_Work order:_ Skip pictures in the listing below; copy exactly the lines from the one with "Profile picture for Cuttlefish Photography" through the one with "Rose | PetCurious", inclusive.

_Data in this exercise:_
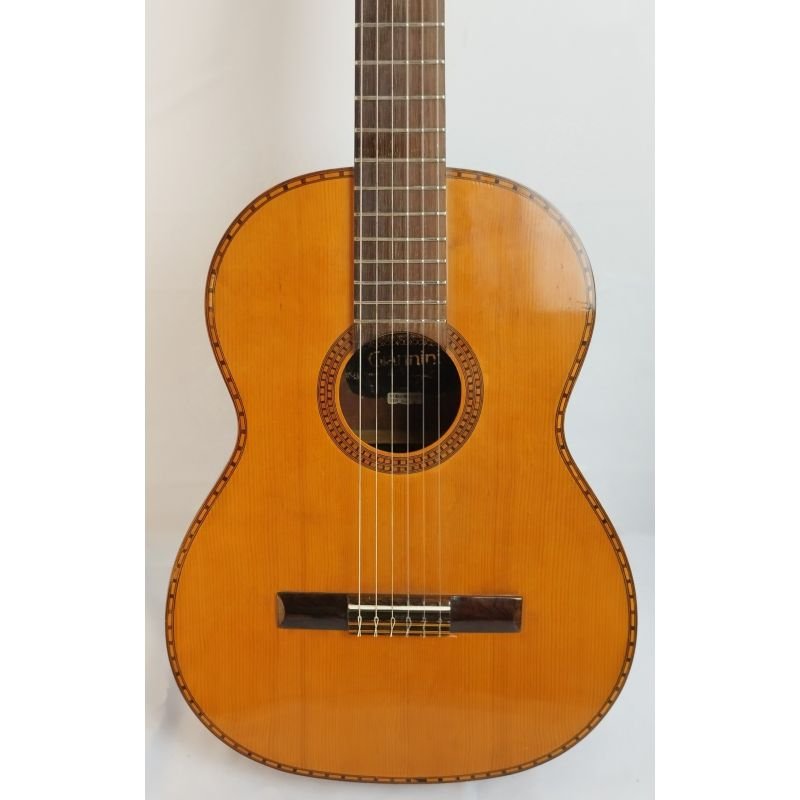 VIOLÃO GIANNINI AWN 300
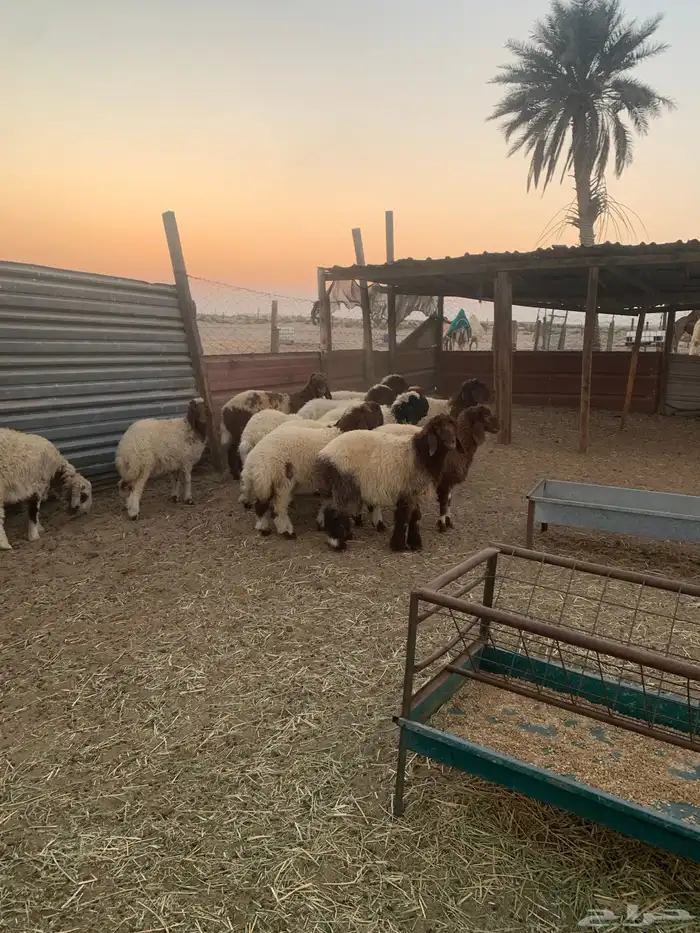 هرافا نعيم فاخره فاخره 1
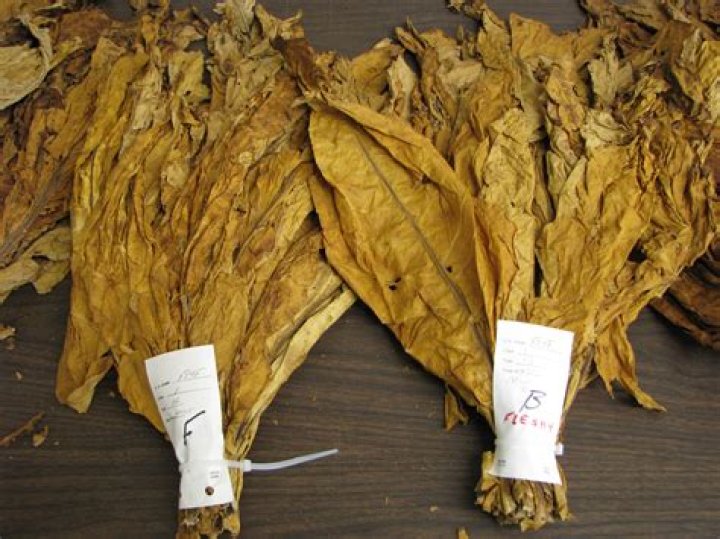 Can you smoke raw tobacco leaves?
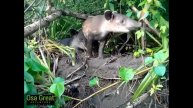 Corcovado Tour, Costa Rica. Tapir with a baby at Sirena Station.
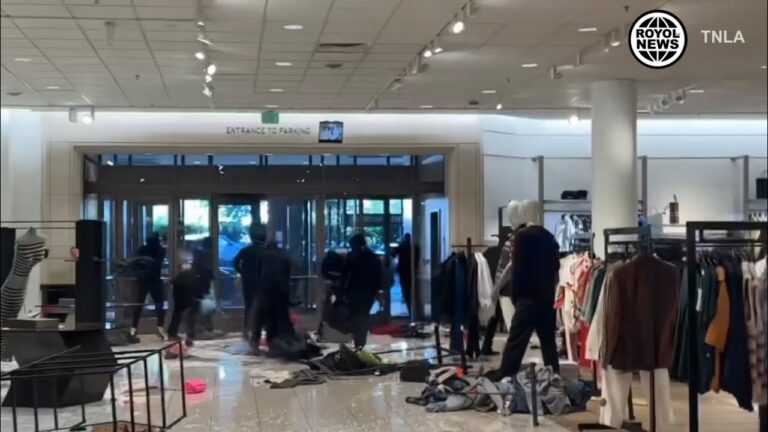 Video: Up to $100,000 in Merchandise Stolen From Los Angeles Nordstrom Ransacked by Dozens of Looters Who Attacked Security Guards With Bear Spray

==

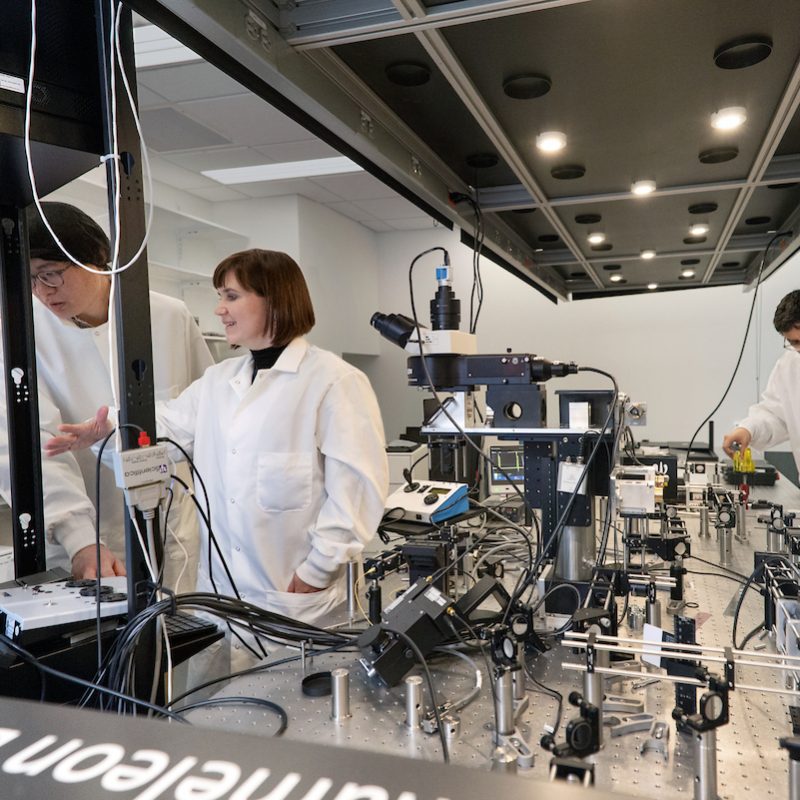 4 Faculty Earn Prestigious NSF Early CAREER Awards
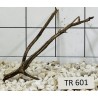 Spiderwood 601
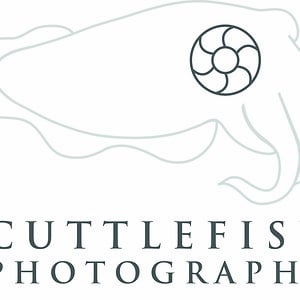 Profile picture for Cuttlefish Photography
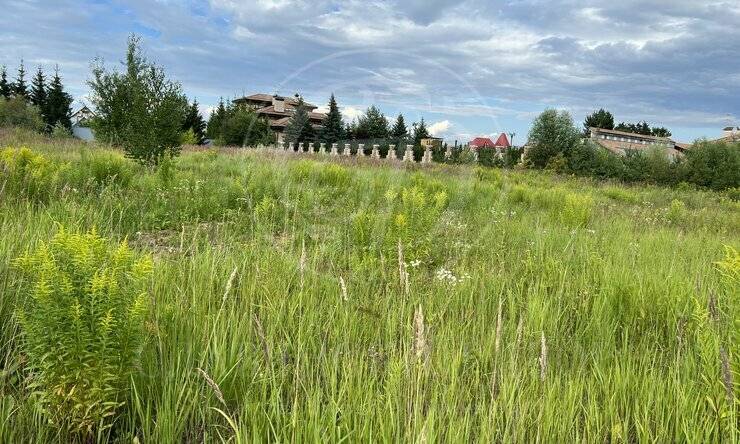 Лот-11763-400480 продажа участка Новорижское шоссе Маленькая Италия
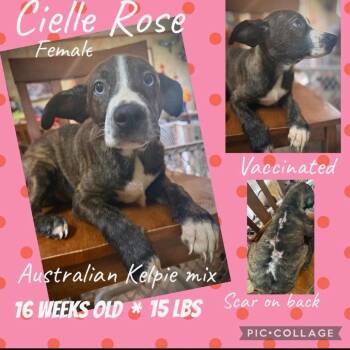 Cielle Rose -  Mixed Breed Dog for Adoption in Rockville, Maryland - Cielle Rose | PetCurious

==

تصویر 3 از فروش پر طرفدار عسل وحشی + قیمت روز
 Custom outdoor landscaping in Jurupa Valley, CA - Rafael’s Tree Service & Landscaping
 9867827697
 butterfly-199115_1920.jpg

_Finished exercise:_
 Profile picture for Cuttlefish Photography
 Лот-11763-400480 продажа участка Новорижское шоссе Маленькая Италия
 Cielle Rose -  Mixed Breed Dog for Adoption in Rockville, Maryland - Cielle Rose | PetCurious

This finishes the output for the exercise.